Quel est le vrai visage d'un individu ? L'aperçoit-on jamais derrière les grimaces qui le tordent et sous les masques qui le dissimulent ? L'interrogation court au fil des pages de Ladivine. Pour y répondre, Marie NDiaye n'a pas recours à la psychanalyse, non plus qu'à la sorcellerie. Pas de métamorphose ici, pas de fantôme ou d'apparition comme on a pu en observer naguère dans ses romans — peut-être, quand même, ce grand chien brun aux aguets qui semble veiller, comme un ange gardien, sur les trois femmes... Pas de fantastique, non, mais un réalisme poreux aux effets des pensées non dites, des pulsions enfouies, des désirs avortés, des rêves éloquents dont il ne reste au matin que des bribes incohérentes que la raison ne sait interpréter — mais auxquelles la romancière, elle, creusant en profondeur les pensées et les entrailles de ses personnages, sait donner tout leur sens.Télérama
Pour qui chaque livre de Marie NDiaye est un rendez-vous attendu avec la littérature, «Ladivine» sera, par son phrasé particulier, lent, complexe, où chaque phrase est juste parce qu'elle s'articule à l'ensemble, un nouvel enchantement: il y est question de déchéance, de passion et de crime, d'origines cachées et de rêves candides, de l'abandon cauchemardesque à l'inexorable vertige de la chute.
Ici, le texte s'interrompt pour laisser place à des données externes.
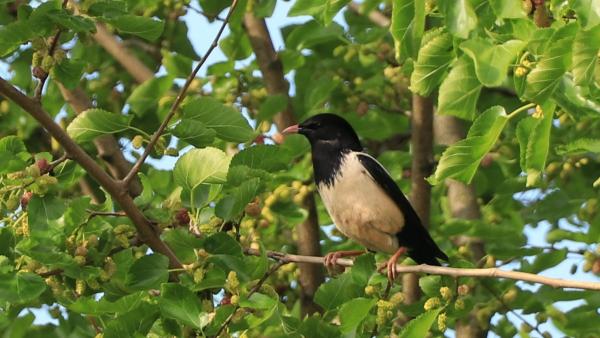 Fotó: kmnp.hu/ Balogh Gábor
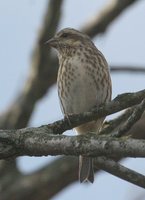 Purple Finch - Carpodacus purpureus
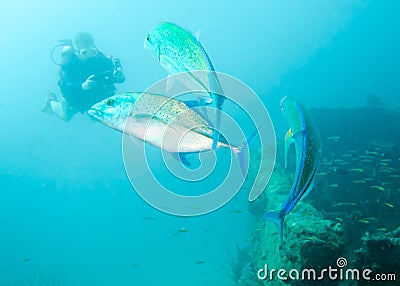 Trevally fishes and a silhouette of a diver photographing them over a sunken ship at the bottom of the Indian Ocean Editorial Stock Photo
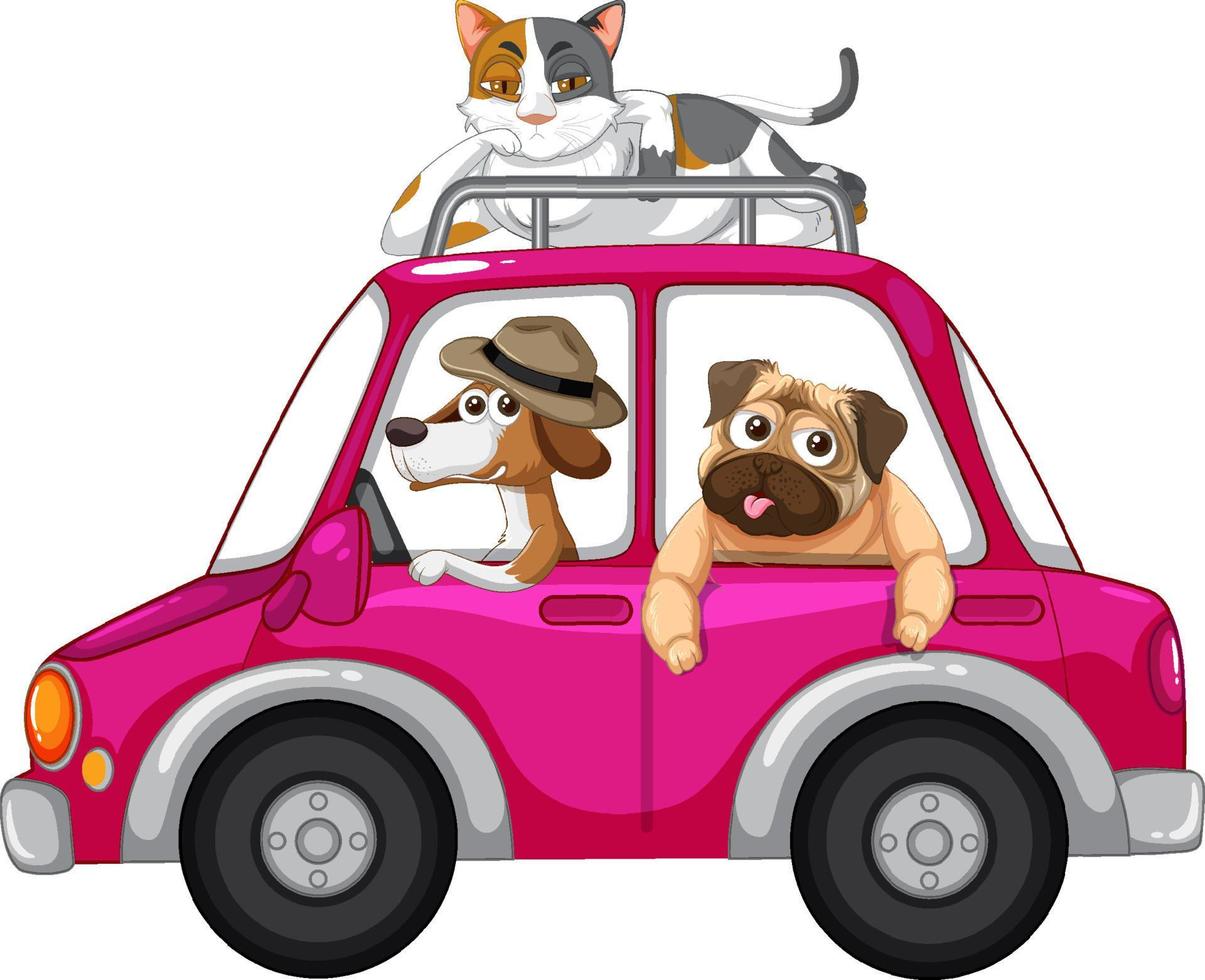 Dogs and cat riding a car on white background vector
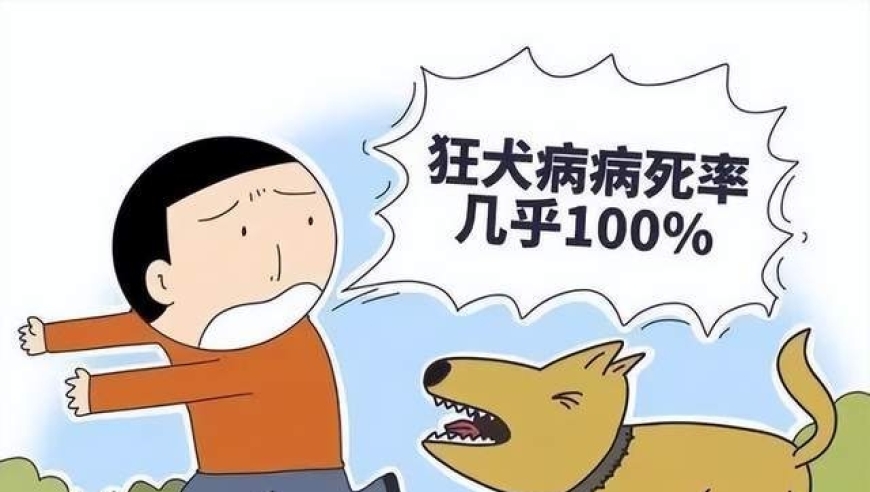 狂犬病的严重性：为何每年都有数百人因此丧生？有效防治方法就在眼前！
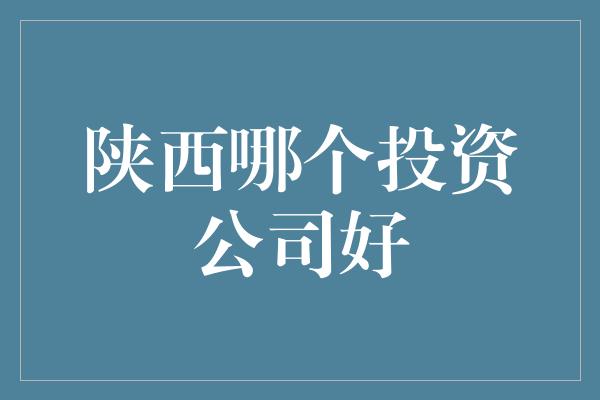 陕西哪个投资公司好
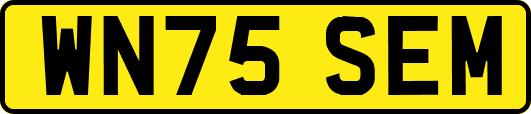 WN75SEM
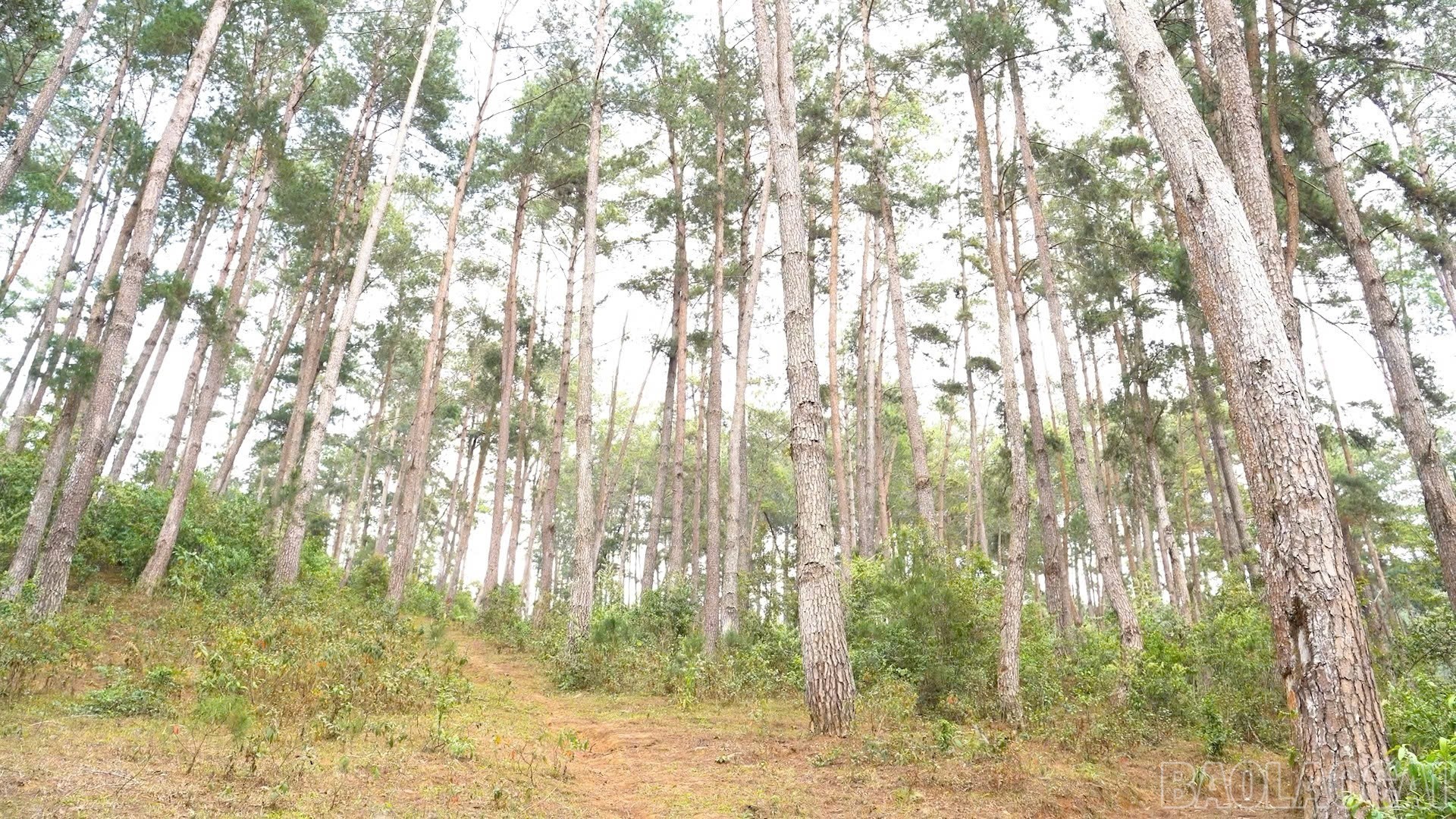 Lai Châu: Người Mông giữ rừng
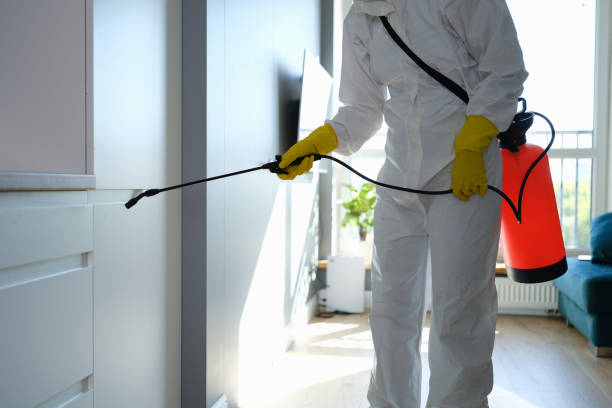 Best Affordable Mold Removal  in Montgomery, WV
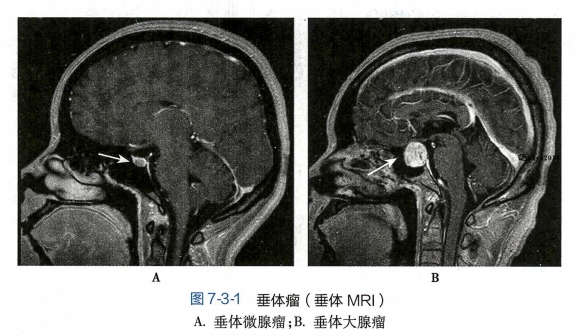 微信截图_20240909162807.png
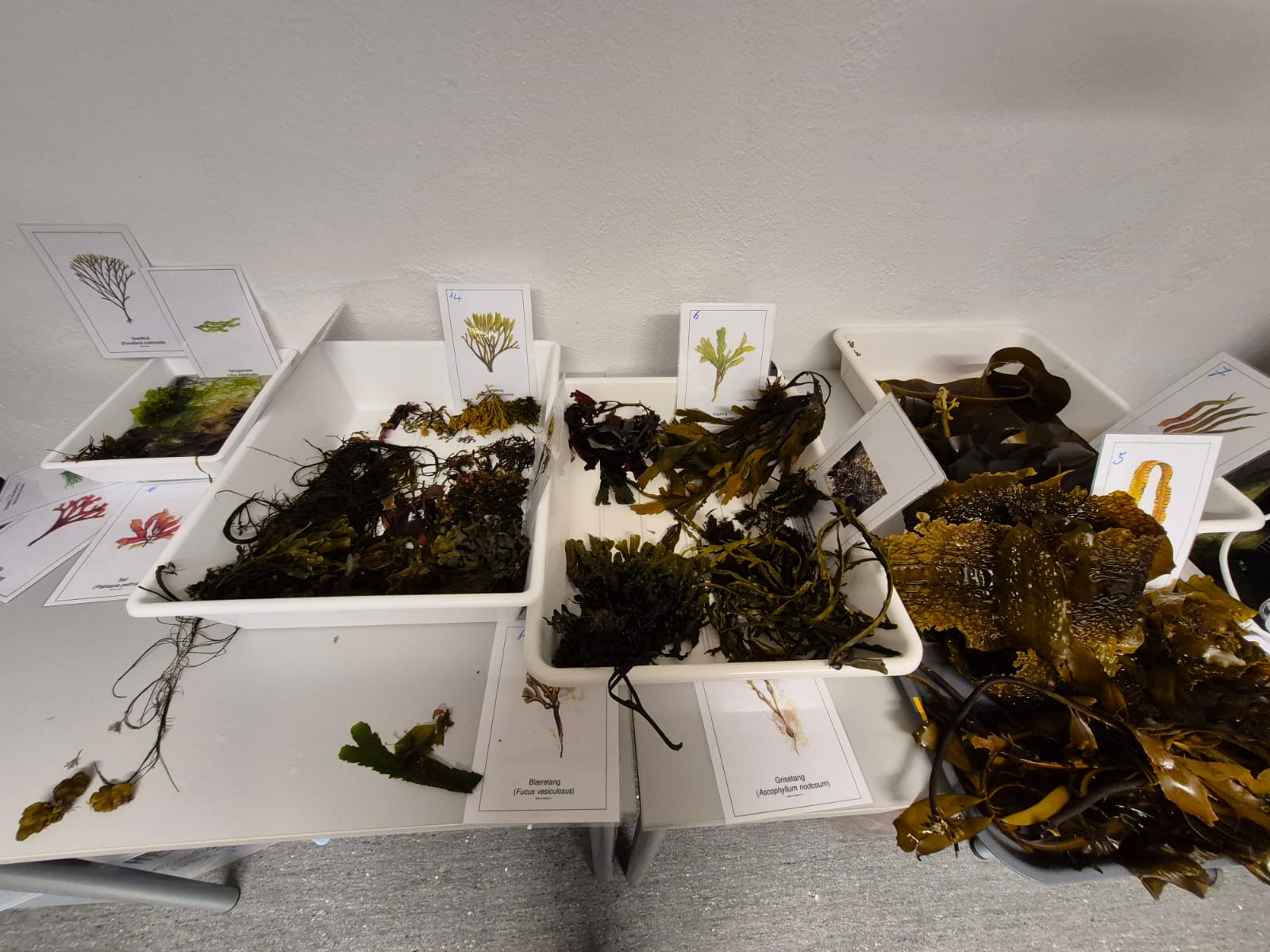 Investigadora de la Universidad de Los Lagos realiza pasantía en Universidad Nord para fortalecer estudios sobre macroalgas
Un théâtre de la cruauté mystique et mystérieux, sensuel et souverain, qui place en tout cas l'auteur, dans le paysage romanesque français, très au-dessus de la production du confrère. C'est une ronde maléfique, schnitzlérienne, qui étourdit et laisse par terre. Son meilleur livre ? Son Chanel n° 5 en tout cas, chant narratif épuisant qui concentre et recèle l'or très noir de son écriture.